Activision Files Patent For ‘Never-Ending’ Multiplayer Mode
It has been revealed that Activision published a patent at the start of 2023 that described an ‘unbounded gameplay session’, or a game mode that quite simply would never end. In the lengthy and somewhat complex patent document, it was revealed that the company plans to create ‘a system and method (is) provided for continuous gameplay in a multiplayer video game through an unbounded gameplay session’.
Put simply, it’s a multiplayer mode that would see a single match remain active indefinitely, provided at least one player is in the game. It would ‘run continuously until all players have exited the unbounded gameplay session’.
Could we be about to see a 24/7/365 mode for Shipment in Call of Duty: Modern Warfare II?
All The Action, All The Time
Of course, that’s a massive leap, but it’s one way of highlighting how the technology could be used. It could power a never-ending, ever-circulating battle royale, with players constantly dropping into the map, being killed, and starting over again. It wouldn’t be a battle royale as such, because the last player left alive wouldn’t win, they’d simply keep the game open, but you get the picture.

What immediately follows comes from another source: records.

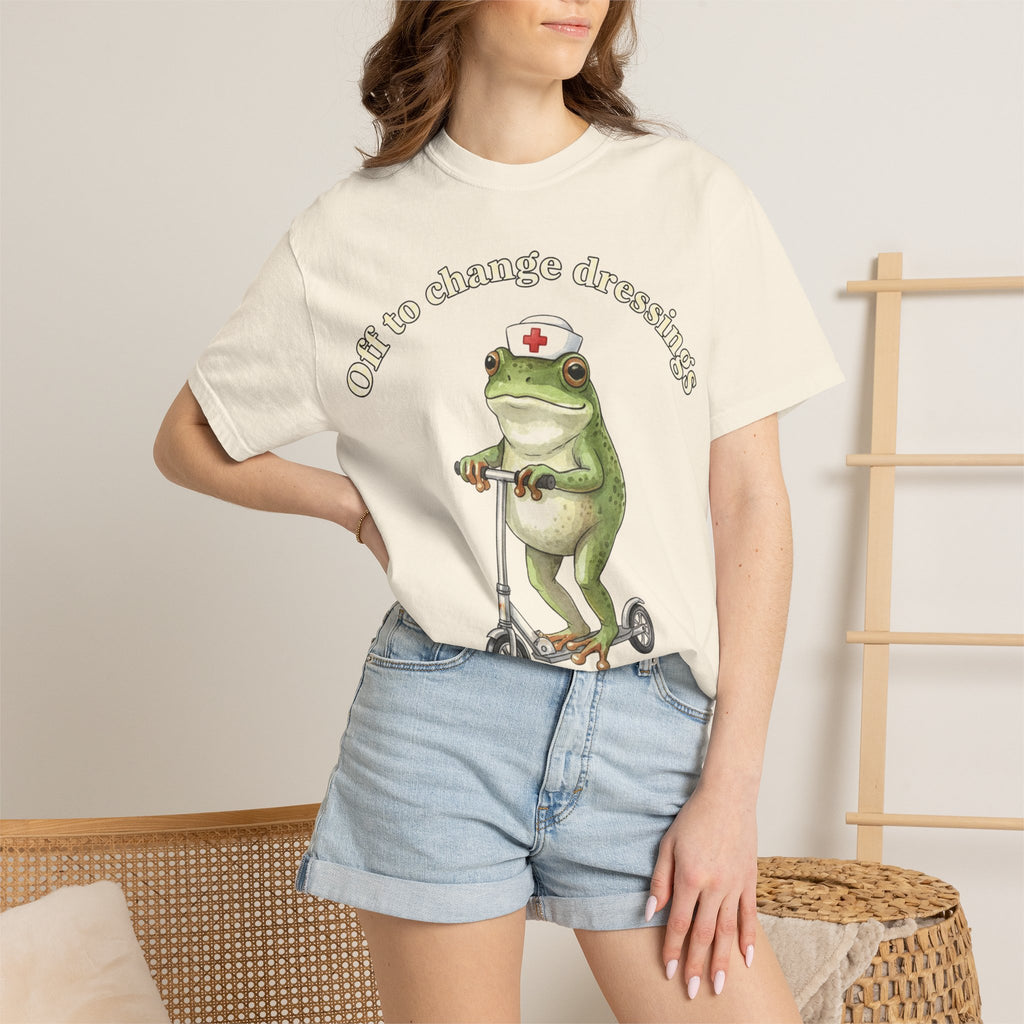 Off To Change Dressings Shirt, Funny Nurse Frog Scooter Tee, Wound Care Nurse Shirt, RN Gift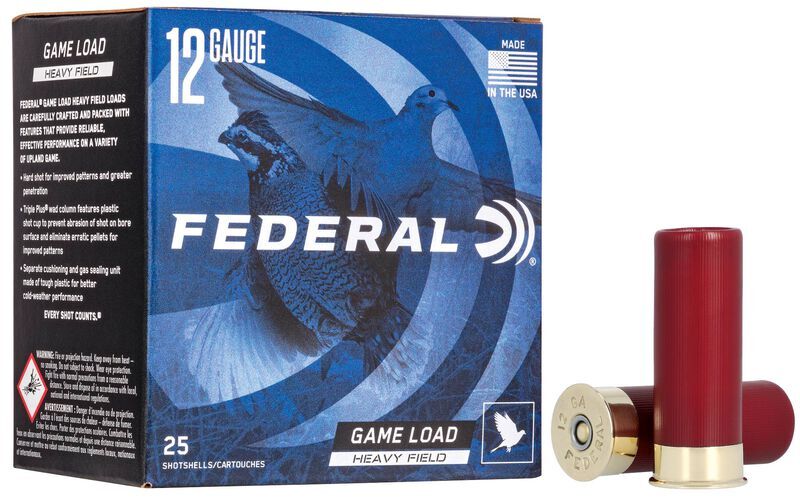 Federal Game Load Upland Heavy Field 12 Gauge 2 3/4" #7.5 Shot, 1 1/8-Oz, 25-Rd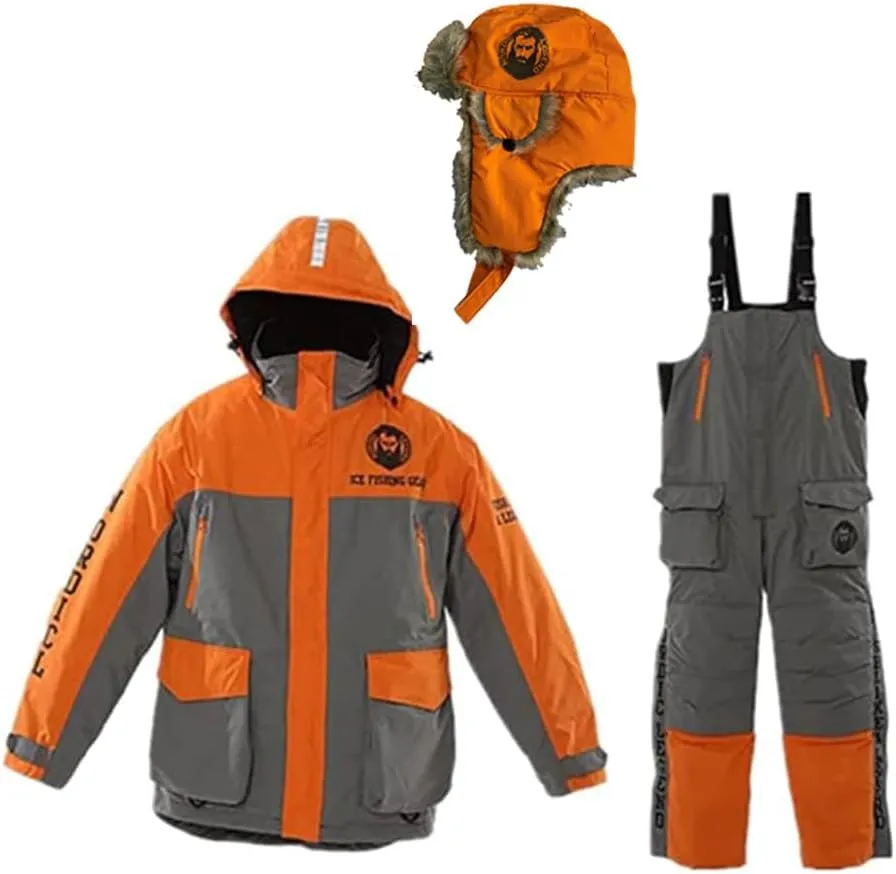 Ice Fishing Suit, Insulated Bibs Jacket and Hat, Waterproof Gear for Ice Fishing and Snowmobiling(Large Size)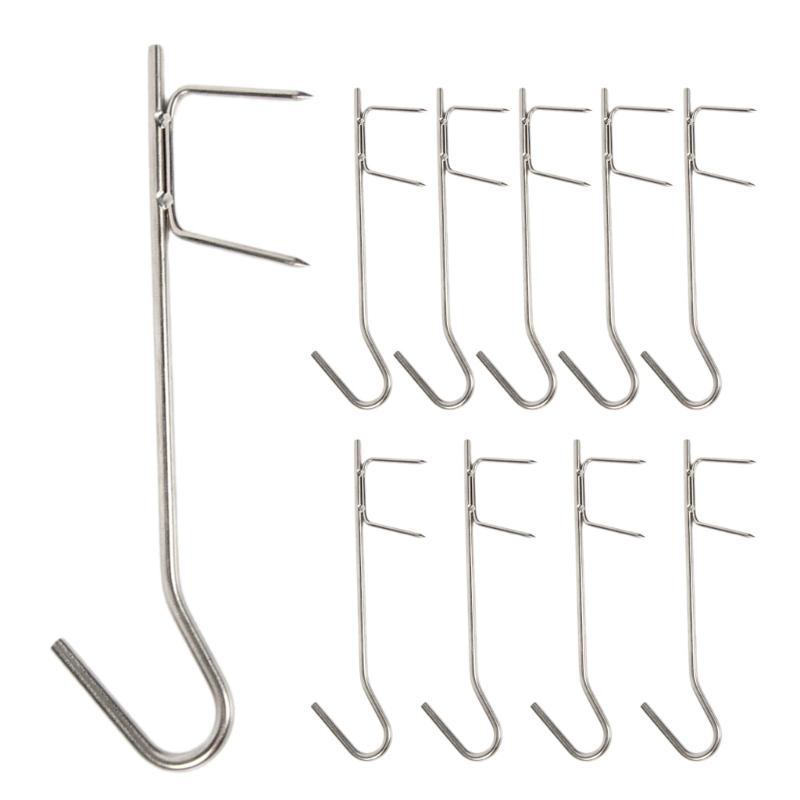 

10Pcs/set Hooks for Fish Smoking, Stainless Steel Smoking Hooks, Trout, Hooks, Smoking Hooks, Fishing Smoking Hooks Set 1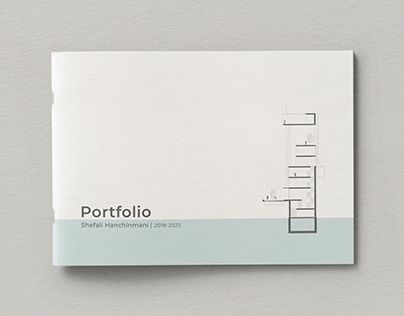 the front cover of a brochure for portfolio, with a line drawing on it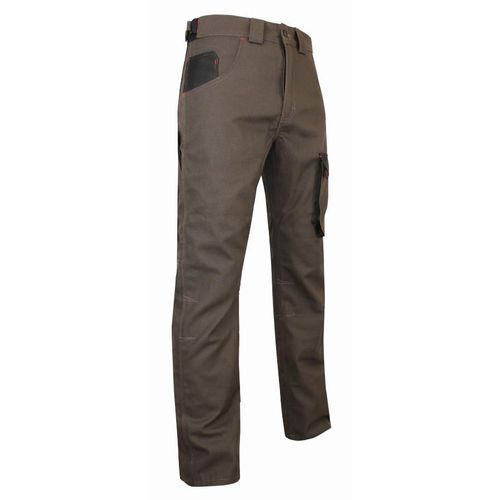 Pantalon Terreau 300gr Sans Poche Genoux Lma Taupe / Noir - T.38 - 1490 T38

This patent was uncovered by eXputer.com, and upon checking the document, it becomes clear that this technology has been in development for some time, as the patent itself was applied for back in July 2022, but references to the technology can be traced back to 2015. It’s quite a comprehensive read, with the document outlining the background of the ‘invention’, all technical information, diagrams, and case studies.
It’s a typical patent application, but for those unfamiliar with the concept, it’s a long and relatively boring read.
In essence, the concept of the ‘UGS’ (Unbounded Gameplay Session) differs from an MMO, which is a permanent, persistent instance, because it can ultimately terminate if the last player leaves the game.
There’s no real information on just how this technology could be implemented by Activision or by one of its associated studios. There are references made to matchmaking algorithms, auto-balancing mechanics, loadout features, and scoring elements that all point to the UGS concept being deployed in – most likely – a Call of Duty setting, but that’s total conjecture at this point.
As we probe further, we see associated patents from Activision, such as:
Systems and methods for initiating conversion between bounded gameplay sessions and unbounded gameplay sessions (applied for in 2019).
System and method for providing continuous gameplay in a multiplayer video game through an unbounded gameplay session (applied for in 2015).
This has been in the works for eight years – who knows how or when Activision will apply the technology?